§ **STORED DATA**:
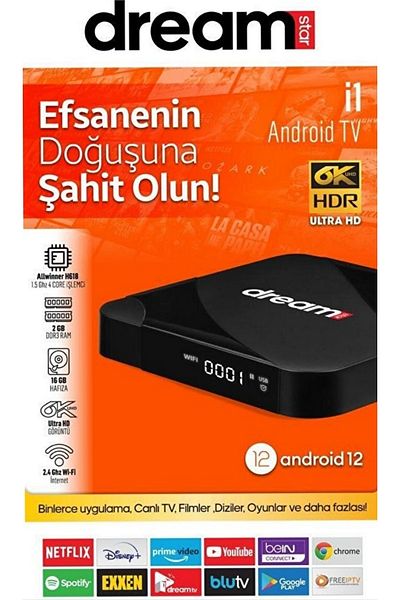 Dreamstar I1 Android Tv Box 2Gb Ram 16Gb Memory Android 12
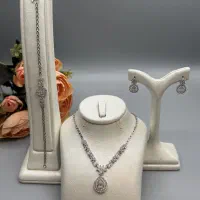 سرویس طلا سفید عروس کسر نگین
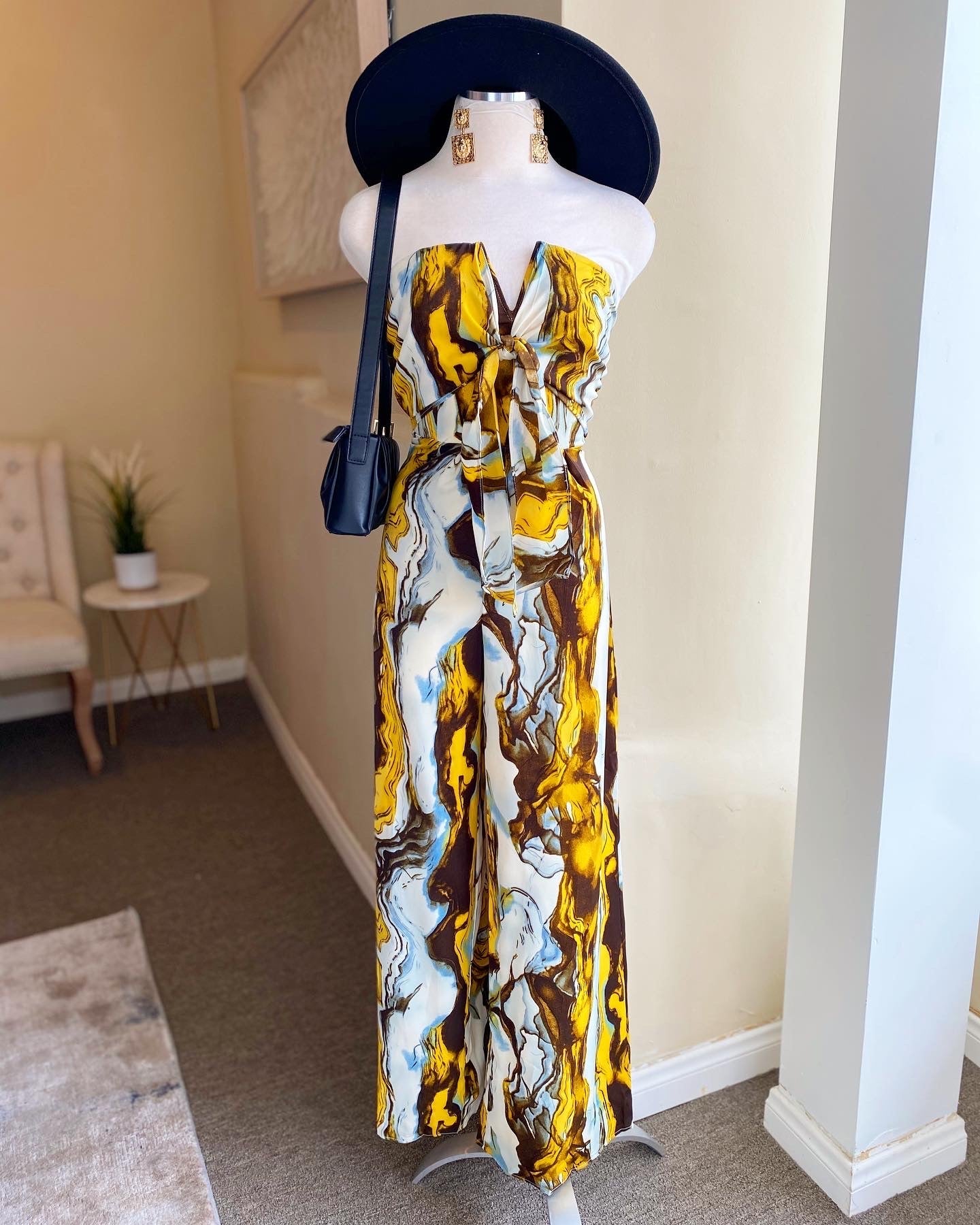 Tube Tye Chest Center Zipper Jumpsuit FINAL SALE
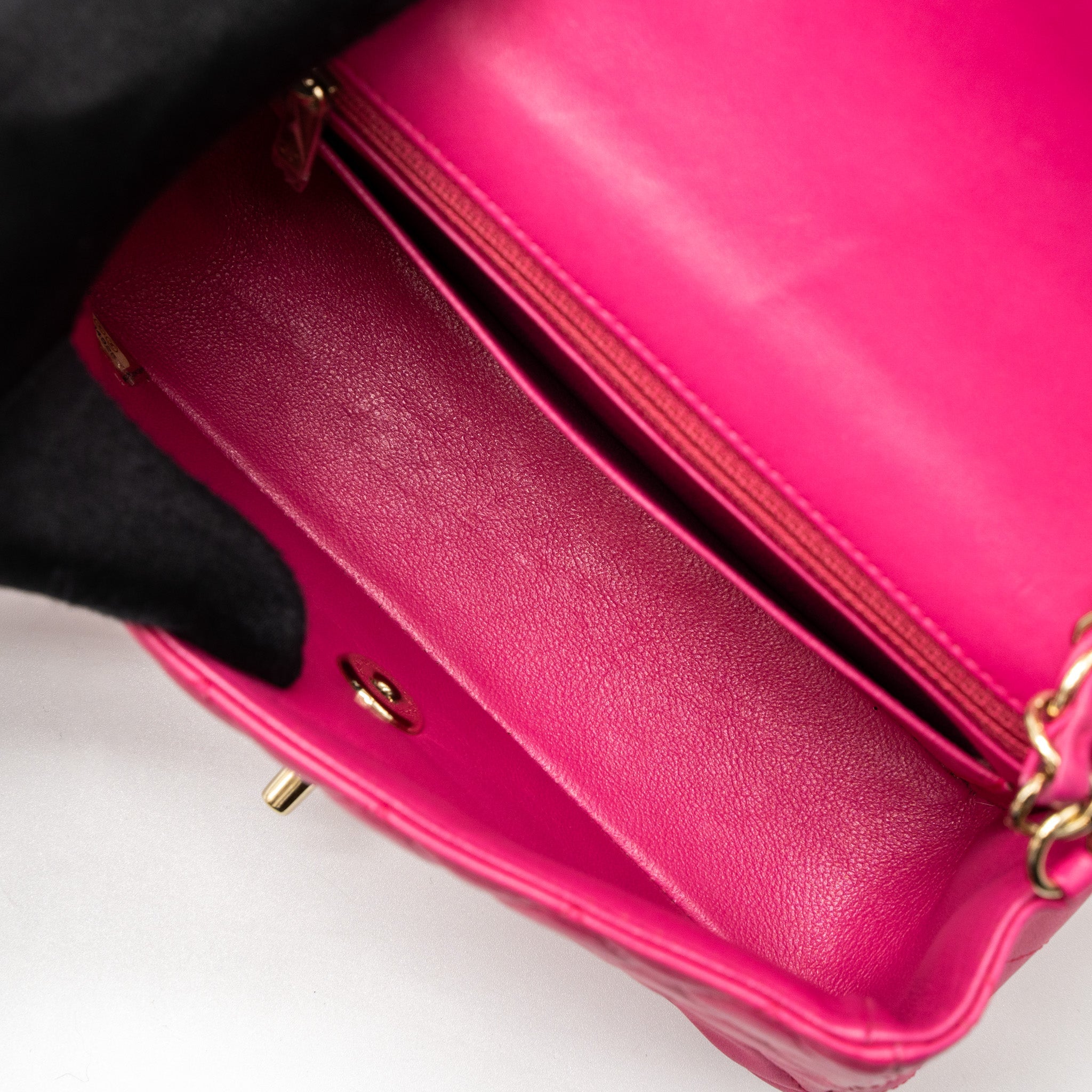 CHANEL MINI RECTANGULAR FLAP BAG LAMBSKIN PINK LGHW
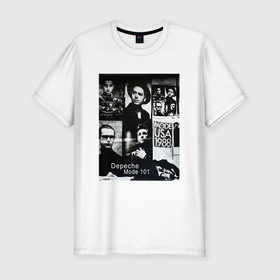 Мужская футболка хлопок Slim с принтом Depeche Mode 101 Vintage 1988 в Новосибирске, 92% хлопок, 8% лайкра | приталенный силуэт, круглый вырез ворота, длина до линии бедра, короткий рукав | 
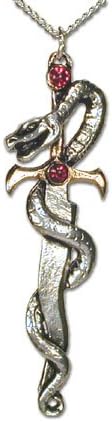 Dagger of Sesa Snake Pendant Necklace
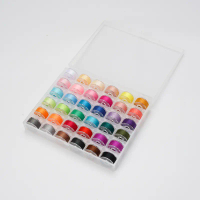 Hardcover Bobbin Box 402 Sewing Thread Small Thread Set 36 Colors with Thread Bobbin 400 Yards Hand 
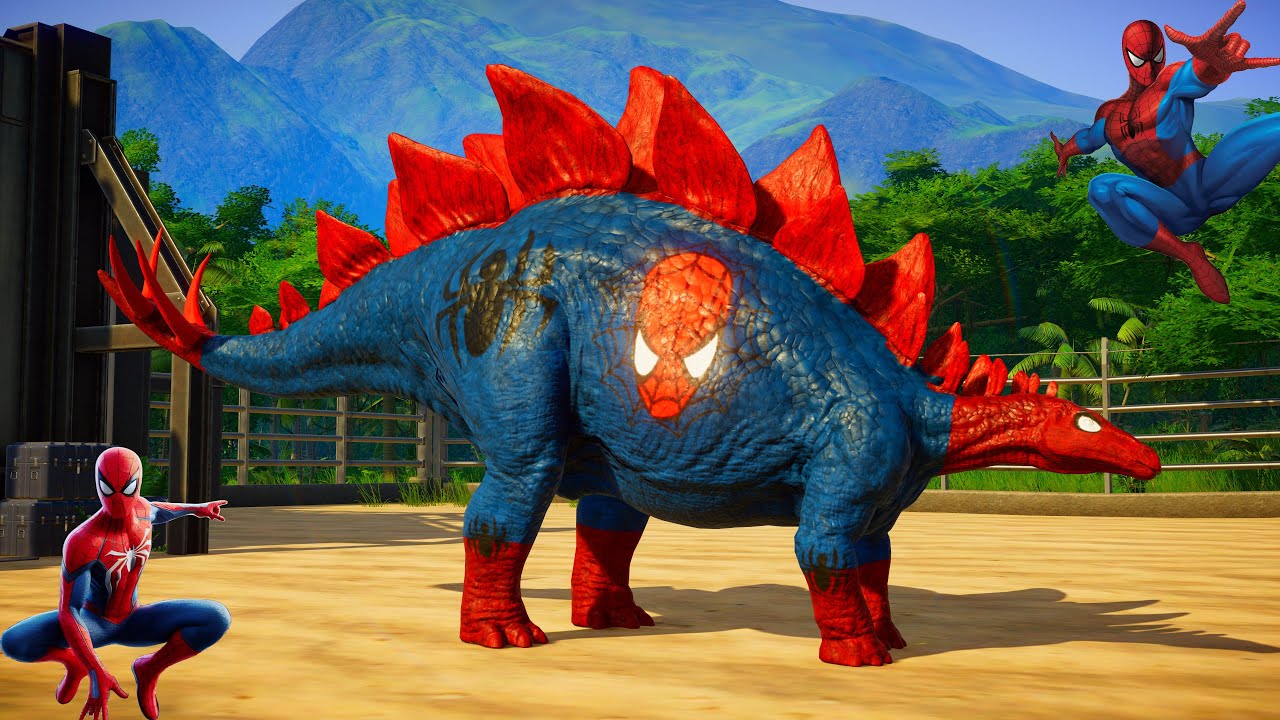 Estegossauro do Homem Aranha vs Alossauro do Batman - Jogo de Dinossauro Jurassic World Evolution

§ **EXERCISE DIRECTIONS**:
Retype the records above exactly, starting at the line that contains "Hardcover Bobbin Box" and going through the last line, and leave out any pictures.

§ **TASK ANSWER**:
 Hardcover Bobbin Box 402 Sewing Thread Small Thread Set 36 Colors with Thread Bobbin 400 Yards Hand 
 Estegossauro do Homem Aranha vs Alossauro do Batman - Jogo de Dinossauro Jurassic World Evolution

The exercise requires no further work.